Stellen Sie, liebe Leser, sich bitte einmal vor, Sie heißen Rosanna, sind 15 Jahre alt, leben in Göttingen und gehen dort zur Schule. Sie sind also ein ganz normales Mädchen.

Stellen Sie, liebe Leser, sich bitte einmal vor, Sie heißen Rosanna, sind 15 Jahre alt, leben in Göttingen und gehen dort zur Schule. Sie sind also ein ganz normales Mädchen. Und weil Sie so normal sind, gibt es eigentlich über Sie nichts zu berichten, was die Welt unbedingt wissen müsste. Wenn Sie also diesen Zeitungsartikel jetzt lesen, dann müssen Sie sich fühlen wie in einem Beitrag für die "Versteckte Kamera", bei dem Sie "zufällig" vor dem Fernseher sitzen, die Nachrichten gucken - und plötzlich verliest der Nachrichtensprecher eine Nachricht über Sie höchstpersönlich, über Rosanna, 15 Jahre, aus Göttingen.

Warum aber taucht Rosanna nun in der Zeitung auf? Weil ihre Schulklasse gerade im Unterricht das Thema "Tageszeitungen" durchnimmt. Ihre Klasse liest verschiedene Publikationen wie das Göttinger Tageblatt, die Frankfurter Allgemeine Zeitung, die Süddeutsche Zeitung und auch die taz, um eine Woche lang den Lauf der Dinge im Filter der Redaktionen zu studieren. Daraus sollen die Schüler lernen, wie Journalismus funktioniert: Dass Journalisten auf Ereignisse reagieren, das alltägliche Geschehen in der Welt beobachten und die Handlungen von Politikern beschreiben und kommentieren. Im besten Fall sollen Journalisten als Stellvertreter der Gesellschaft die Politiker kontrollieren.

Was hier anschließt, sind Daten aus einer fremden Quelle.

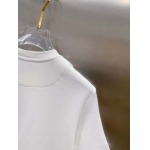 2025年10月21日入荷新作Fendi半袖Tシャツ 秋冬高品質超厳選★入手困難/LD工場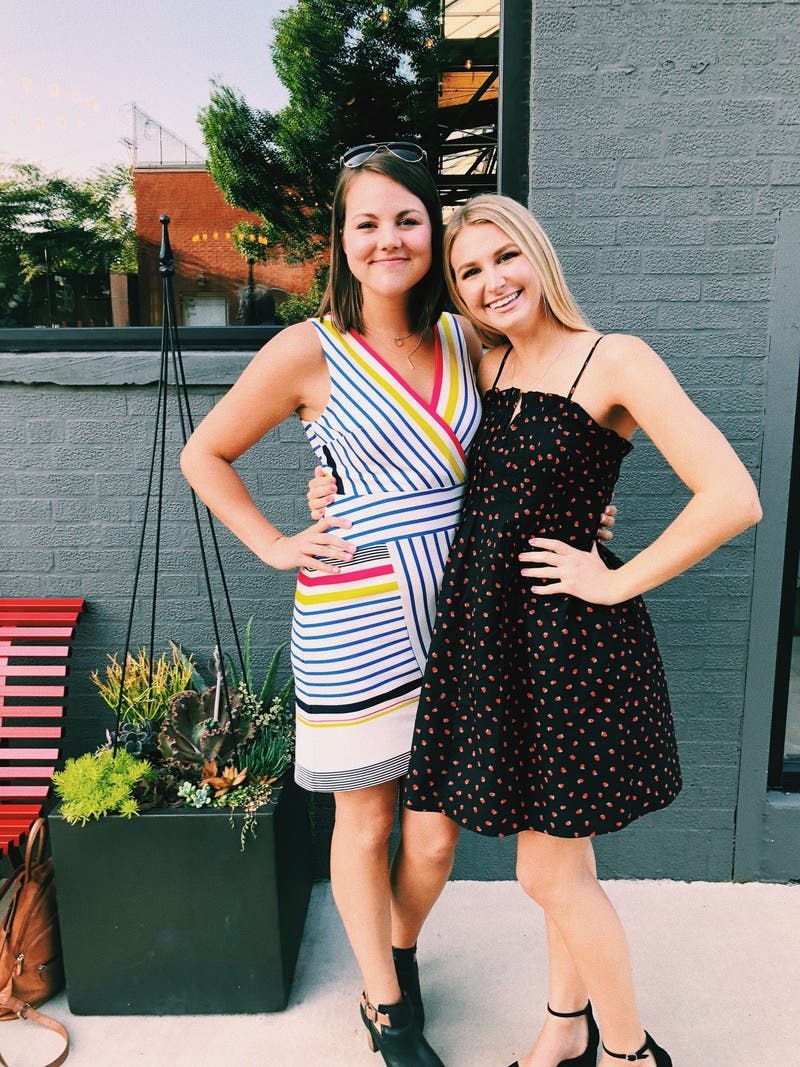 review thumbnail images 9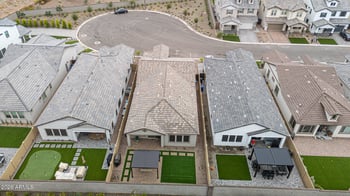 3738 E Rochelle Cir, Mesa, AZ 85213
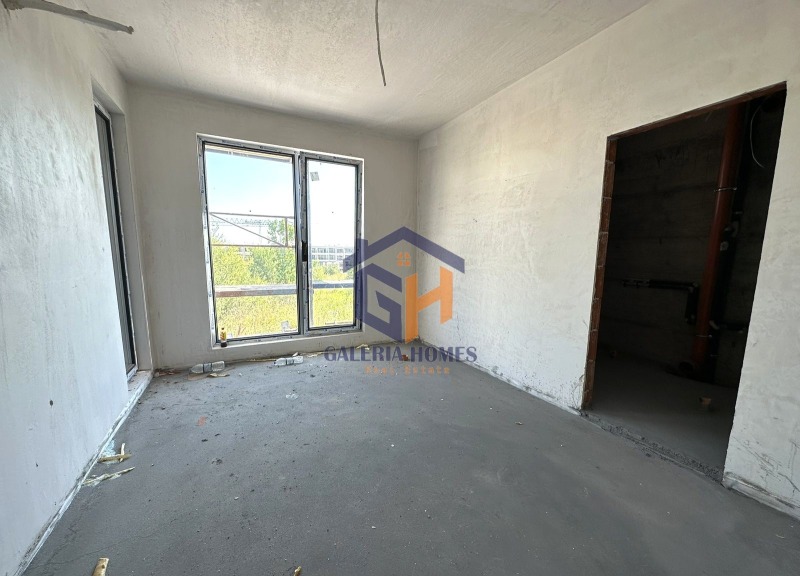 Te koop  2 slaapkamers Sofia , Vitosja , 117 m² | 53280327 - afbeelding [9]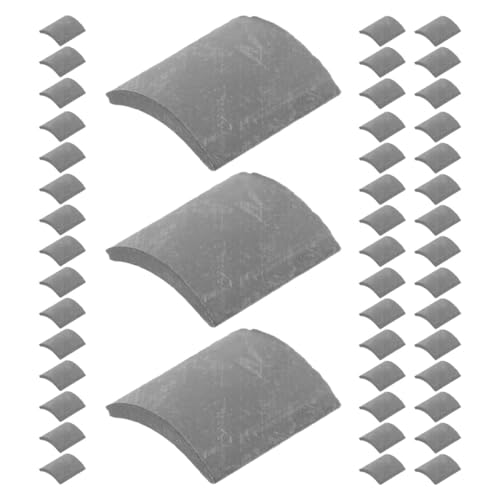 GARVALON 100XP[~j ׃V~[V h[nEX ~j`A͌^p ϋvfލ̗p ȒPtŔiσK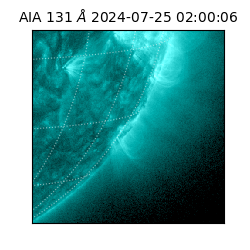 saia - 2024-07-25T02:00:06.626000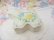 画像6: Baby Cross Trinket Box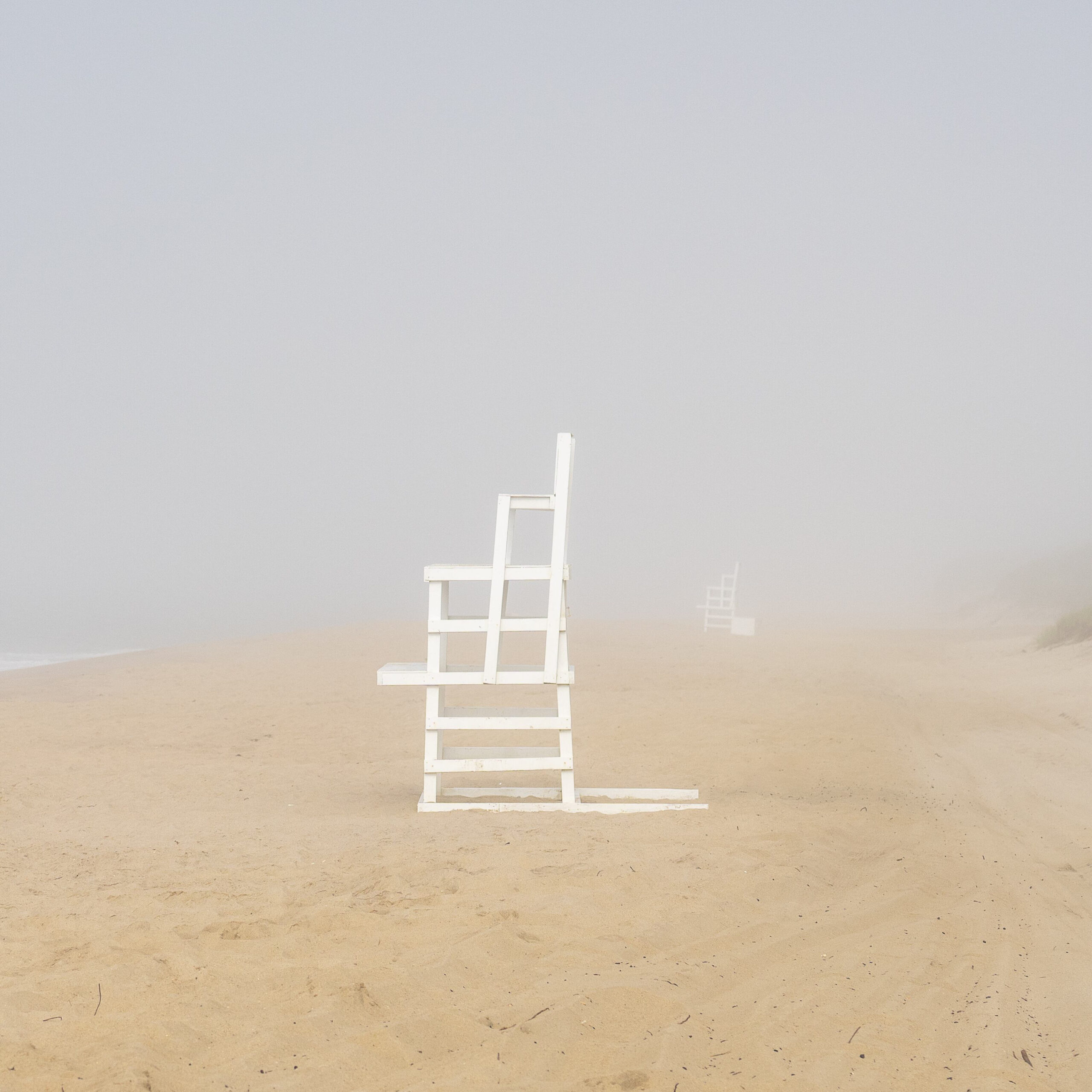 LifeguardAtFoggyNobes-11-1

Rosanna muss sich das wie in einem Café oder Club vorstellen: In der Mitte auf der Tanzfläche tummeln sich die Politiker. Am Rande stehen die Journalisten und beobachten die Politiker. Nun gibt es allerdings an einem kleinen Extratischchen noch eine paar sehr spezielle Gestalten: die Satiriker. Die Satiriker schauen sich sowohl die Politiker als auch die Journalisten an und machen sich über deren selbstverliebte Hampeleien lustig. Für die Satiriker verletzen diese öffentlichen Peinlichkeiten die Vernunft. Aus moralischer Notwehr greifen Satiriker deshalb auch die persönlichen Schwächen ihrer Gegner auf und an und entlarven sie als das, was sie sind: Dummheiten. Was Satiriker nicht gerade beliebt macht. Denn wer die Wahrheit sagt, der macht sich Feinde. Aber das nur am Rande.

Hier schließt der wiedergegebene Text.